Let us now consider paths of length $4$:
$A^4 = $ $\begin{bmatrix} 52&51&51&51&51\\ 51&52&51&51&51\\ 51&51&52&51&51\\ 51&51&51&52&51\\ 51&51&51&51&52\end {bmatrix}$
From ${A^4}_{(1,1)}$, it is clear that there are $52$ paths of length $4$ which start and end at vertex $1$.
However, this is not what I get when I try to count the number of paths. The following is my approach:
- We need to start and end at vertex $1$. This means we need 3 vertices more to form the path.
- We can choose the second and third vertex in 4 ways each. While choosing the fourth vertex in the path, 2 cases arise:
- The third vertex is $1$: 4 ways to choose the fourth vertex.
- The third vertex is not $1$: 3 ways to choose the fourth vertex.
- However, in this method, symmetric paths (eg: $1 - 2 - 4 - 2 - 1$) have been counted twice, so we need to get rid of those. The number of ways to choose the second and third vertex is 4, and the number of ways to choose the third vertex is also 4. Therefore, total such symmetric paths are $4 * 4 = 16$.
From my calculation total number of paths of length $4$ that start and end at vertex $1$ are:
$4*4 * (4 + 3) - 16 = 96$
What is the problem?
Clearly, the numbers from both approaches don't match. I don't believe that the method in the textbook is wrong as I have seen the same approach mentioned in many sources.
However, the text isn't very elaborate on what a path consists of, and therefore, I might be counting something more.

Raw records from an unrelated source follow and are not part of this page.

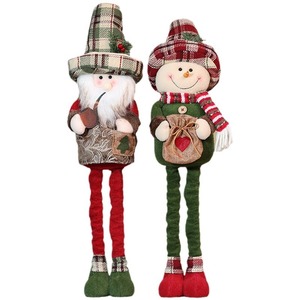 Ornamenti Natalizi Retrattili in Peluche Imbottiti in Cotone PP, Stile Vintage Cinese a Quadri, Babbo Natale, Pupazzo di Neve, <span class=keywords><strong>Alce</strong></span>, per Vetrine - Product Image 5
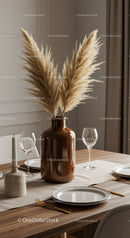 Elegant Dining Table with Pampas Grass and Crystal Glasses in Modern Interior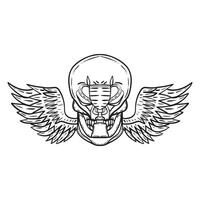 Skull with trophy vintage drawing for badge, emblem, and labels vector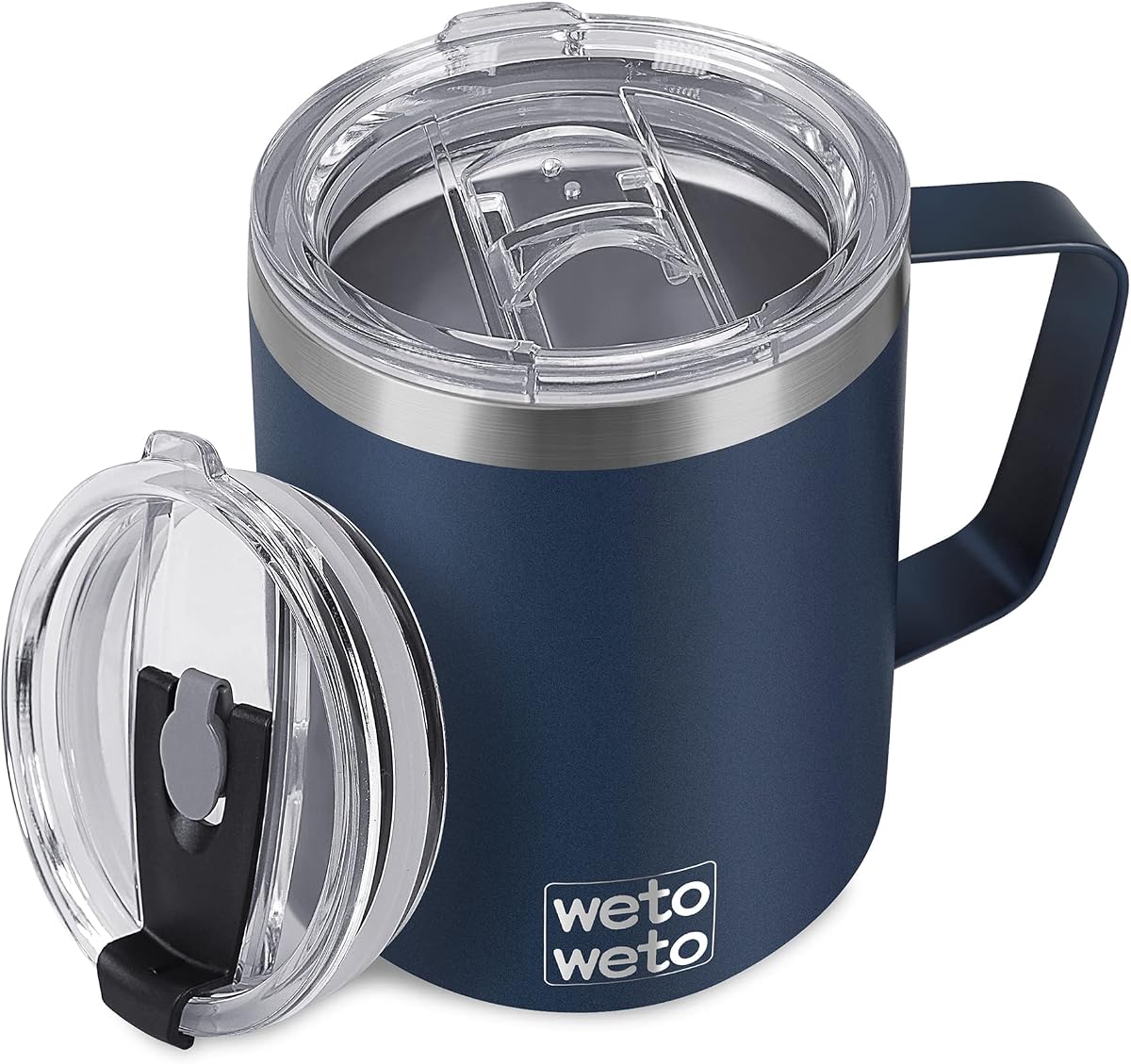 14 oz Coffee Mug, Vacuum Insulated Camping Mug with Lid, Double Wall Stainless Steel Travel Tumbler Cup, Thermal Coffee Mug, Powder Coated Navy Blue
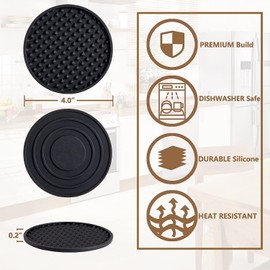VASA NAMA 10 Piezas Posavasos para Mesa, Portavasos de Silicona Antideslizantes, Posavasos para Bebidas con Soporte Posavasos Redondos Antideslizante, Coasters para Bar, Hogar, Restaurante (Negro)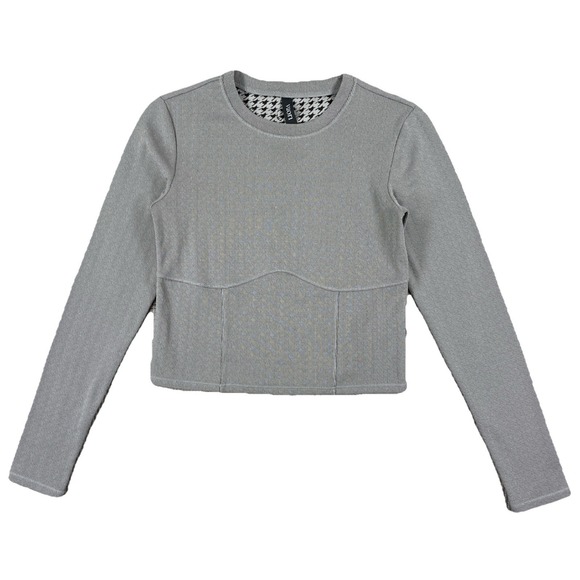 Vuori Tops - Vuori Textured Chilled Out Top Houndstooth Women's Small Gray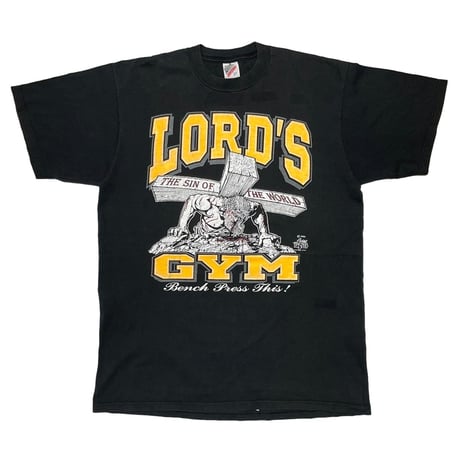 LORD'S GYM 1990 BENCH PRESS GYM! THE SIN OF THE WORLD JERZEES LARGE 2531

I have spent 2 days trying to figure this out but I do not seem to see where I am going wrong. I would love it if someone could help me out with this.
Here, you can define a path by a sequence of edges such that the terminal vertex of each edge in the path is equal to the starting vertex of the next (this ensures that successive vertices in the path cannot be the same).
The total number of paths is
$$4 \times (\underbrace{1\times 4}_{\substack{\text{Third vertex} \\ \text{is }1}} + \underbrace{3\times 3}_{\substack{\text{Third vertex} \\ \text{is not }1}}) = 52.$$
The symmetric paths are not being counted twice anywhere.